INFORMATION SHOWN Start Marker

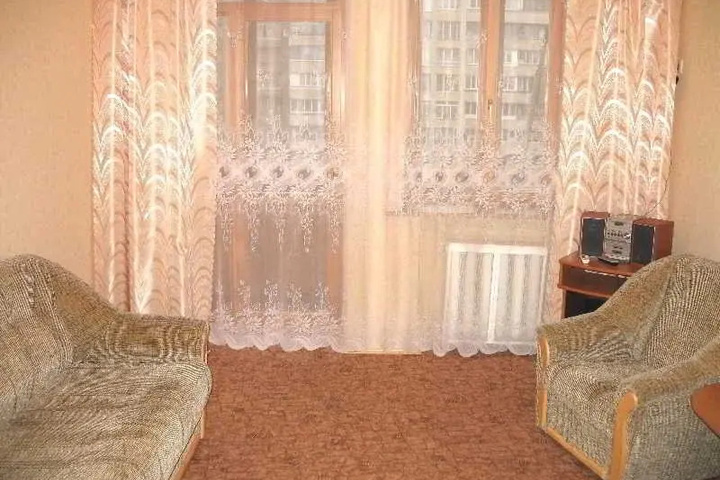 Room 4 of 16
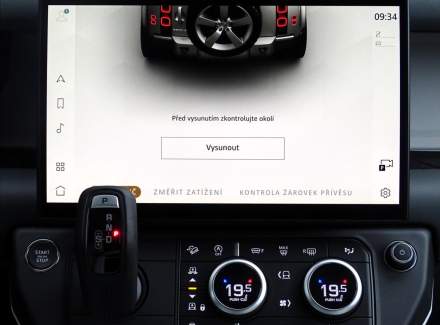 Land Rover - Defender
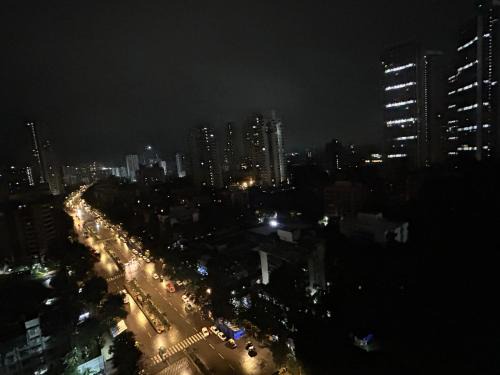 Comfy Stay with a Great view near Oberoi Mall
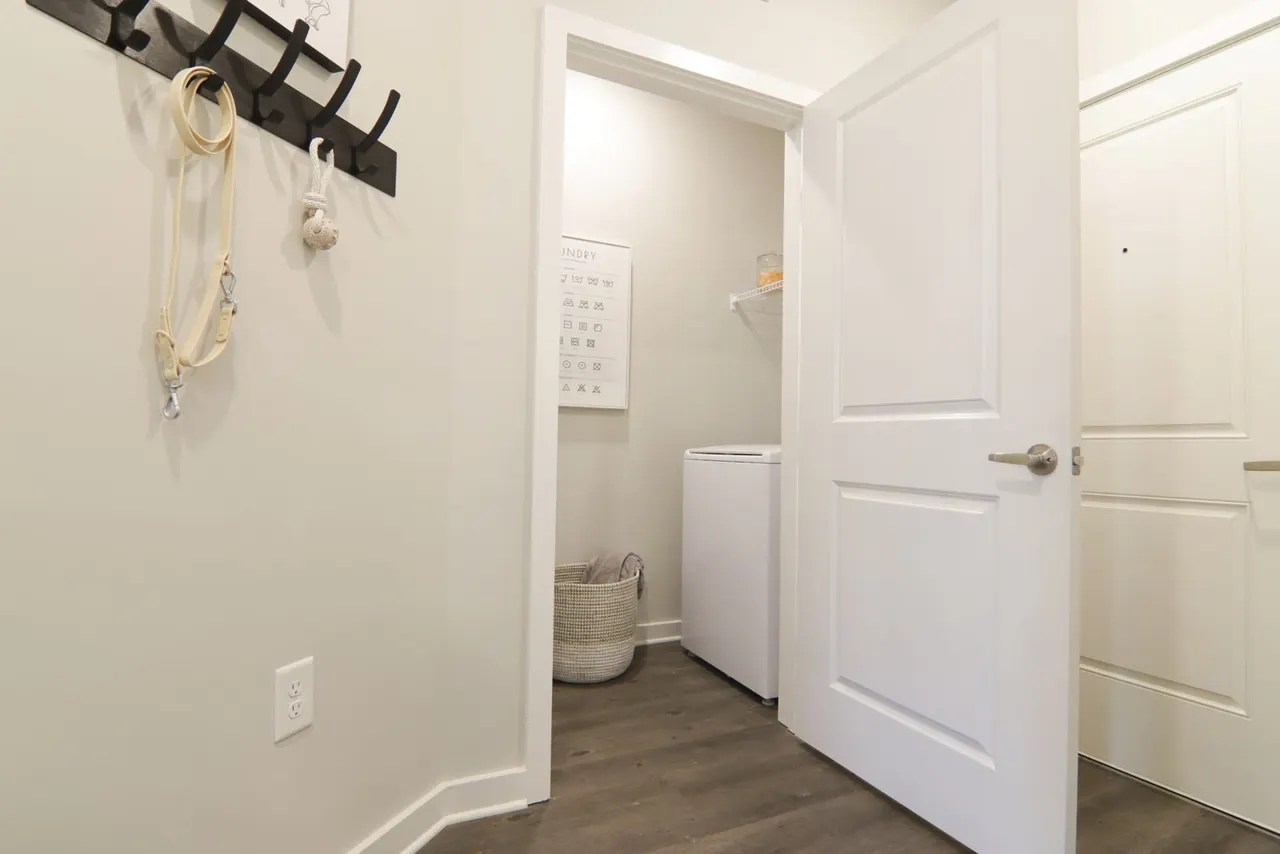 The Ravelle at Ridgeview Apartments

INFORMATION SHOWN End Marker

REQUIRED WORK
Return the lines from the one that contains "Comfy Stay with" through the final line of the listing above, inclusive. Transcribe them exactly and drop the pictures.

RESPONSE TO THE TASK
 Comfy Stay with a Great view near Oberoi Mall
 The Ravelle at Ridgeview Apartments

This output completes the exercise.